Back to school, 6,000 miles from home

Chinese students in the US say they initially struggle to connect with classmates
who speak rapid-fire idiomatic English, listen to different music, watch different TV
shows … but eventually they adapt.  By Nara Schoenberg
When Zipeng “Frank” Jiang arrived in the US for the first time, he was a 16-year-old Chinese honours student with big dreams, limited English skills and no idea how to recover the carry-on bag that the flight crew had taken for last-minute check-in.
“It was my carry-on luggage, so all my important stuff was in it: my ID, a bunch of cash, my laptop,” said Jiang, who came to attend boarding school.
“I basically had my backpack and my saxophone with me. The dorm director picked me up, and he’s like, ‘Where’s your stuff?’ and I’m like, ‘I lost it.’ I’m pretty sure I left a bad first impression.”
Jiang’s next few months at The King’s Academy in rural Seymour, Tennessee, were similarly stressful, as he battled homesickness, scrambled to get up to speed on idiomatic English and struggled with everything from fast-food refills to classroom etiquette.
But five years later he’s a Northwestern senior with a JPMorgan Chase & Co internship — and windsurfing lessons — under his belt, strolling confidently across campus in red suede loafers and greeting classmates with waves, hugs and Facebook references.
“I’ve never regretted for a second that I came here,” he said of Northwestern. “I’ve really enjoyed it.”
Jiang is part of a new generation of high-powered Chinese students increasingly looking to America for a college education.
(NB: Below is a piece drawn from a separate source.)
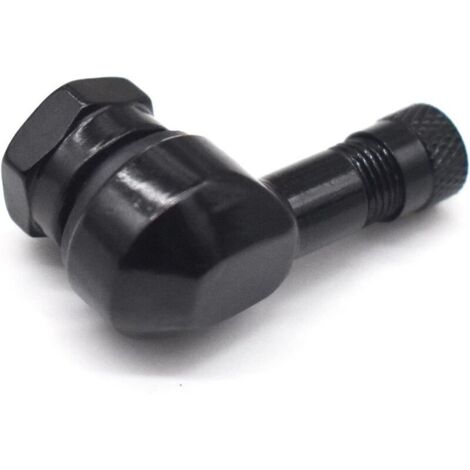 Bouchons de valve de pneu à angle de 90 degrés, 4 pièces de valve d'angle en aluminium de moto (1/3)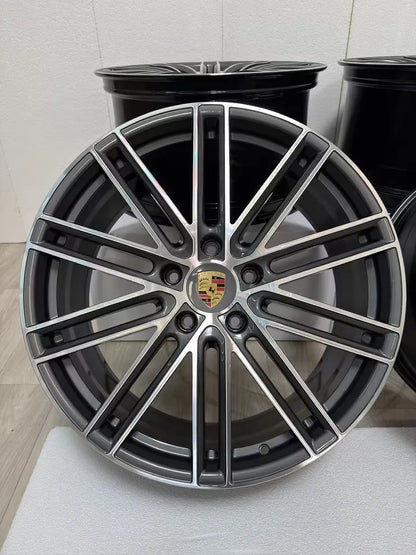 NEU* Original Porsche Panamera II G2 971 III G3 976 21 Zoll 911 Turbo Felgen Alufelgen Anthrazit glanzgedreht Design 5x130 9,5x21 ET71 11,5x21 ET69 971601025AH 971601025AE 971601025AA 971601025AJ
Facing a shortage of spots at top universities at home and drawn by the prestige of US schools and the opportunity for international experience, 57,000 Chinese undergraduates attended US colleges in 2011, up from 10,000 in 2007.
“Five or 10 years ago, going abroad was considered what dumb rich kids did, and now it’s considered what smart middle-class kids do,” said Xueqin Jiang, former director of the international division at Peking University High School. “That’s a huge shift right now in China.”
The trend appears to be accelerating, Xueqin Jiang said, with Chinese students coming to America to prepare for college while in high school or even middle school.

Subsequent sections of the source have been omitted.